The increasingly robust drilling, particularly for oil, has come in part parts of the Powder River Basin near Douglas, and also in part of the Denver Julesburg Basin near Cheyenne. Environmental groups are advocating that the setback be extended, even though the proximity to residential backyards in Wyoming is not as close as in other states touched by the shale boom.

Reviewing the setback rules is not specifically detailed in the 47 initiatives in Gov. Matt Mead's energy strategy now being implemented by the state government (see Shale Daily, May 20, 2013), but it easily inferred as part of the strategy's call for a "comprehensive rule review," Black said.

PAW has yet to take a stand on the setback rule, and Robitaille said operators look at the 350-foot requirement as an "absolute minimum." He knows of only one case where a well is that close to a home, and he is still trying to verify if the home was built after the well was drilled.

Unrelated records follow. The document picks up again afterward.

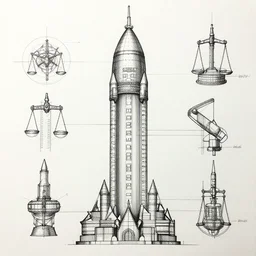 schematics of justice league  space tower,engineering design,ink painting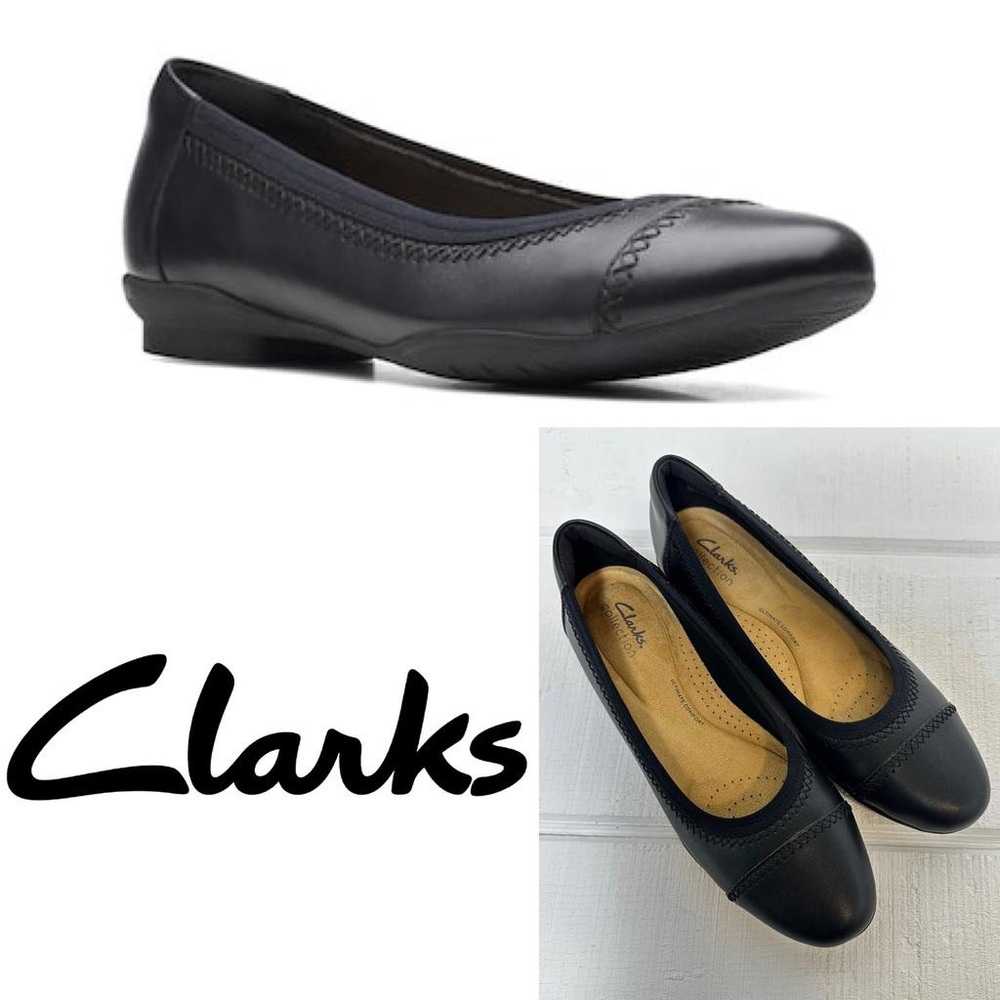 Clarks Sara Bay Ballet Flats Womens 8.5 Black Leather Slip On Like New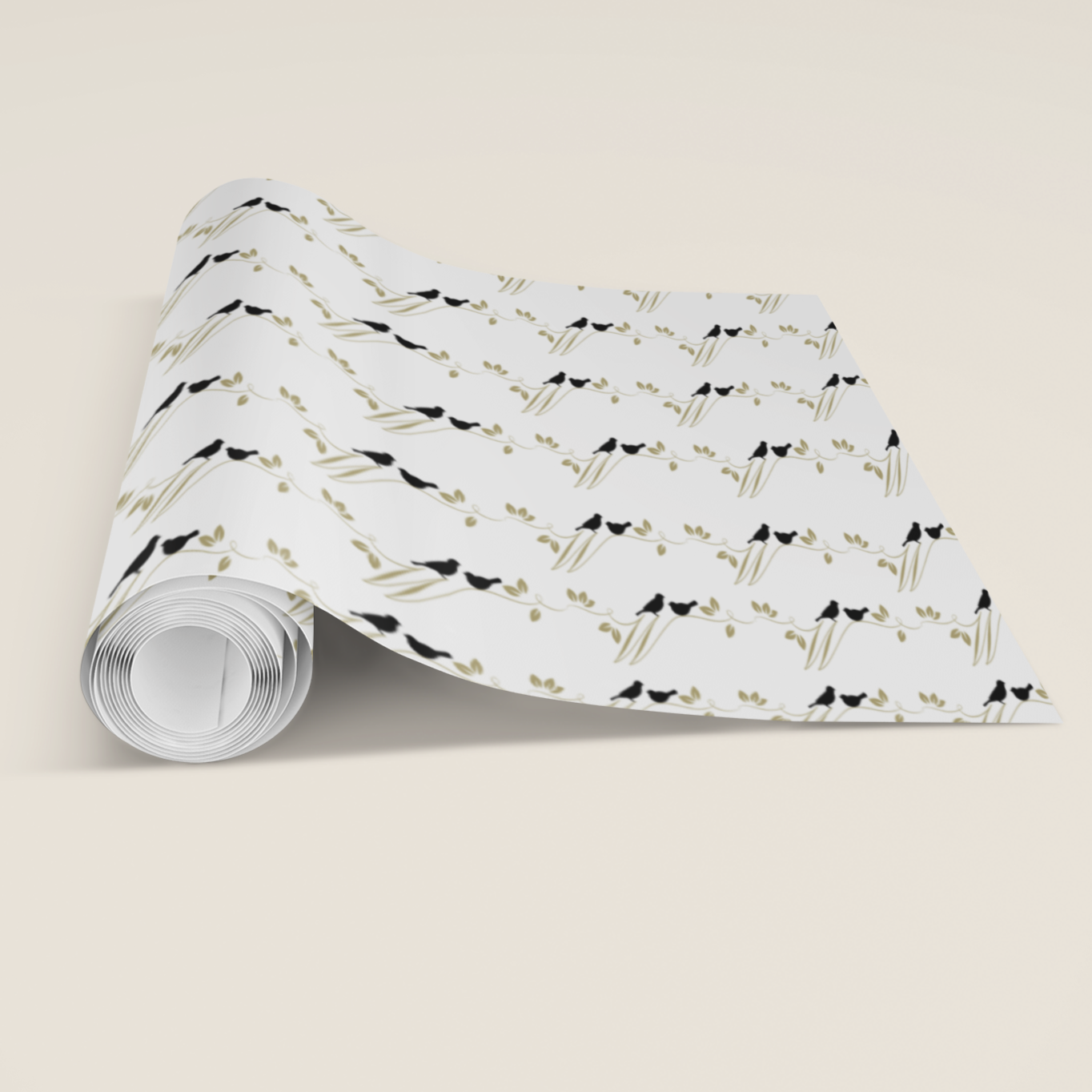 Elegant Bird on Branch Gift Wrapping Paper Set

"If you're in that situation [where the 350-foot limit is an issue], there are all kinds of things an operator can do, including moving the drilling location," Robitaille said. "The rule doesn't mean anyone is going to go out and drill a well exactly 350 feet from a home."

What has prompted the environmental concerns has been new oil drilling in portions of the southern Powder River Basin, he said. "References to the Niobrara Shale formation being involved are incorrect. The drilling has been coming into areas that are already developed," said Black, adding that in his past work in Colorado the issue of development moving toward existing oil/gas operations was raised. "People argued that there ought to be setbacks imposed on both sides -- the development of oil/gas and the development of habitable property.

"It is just something we are going to take a look at, we don't have a specific time frame, but I am hopeful we can get this accomplished this year."

In addition to the setback rule, the resource council has also raised the flaring issue, and the WOGCC itself is looking at bonding requirements for drillers as the exploration/production activity picks up.

"There are all kinds of issues floating out there, but nothing has been put formally into place," Robitaille told NGI's Shale Daily.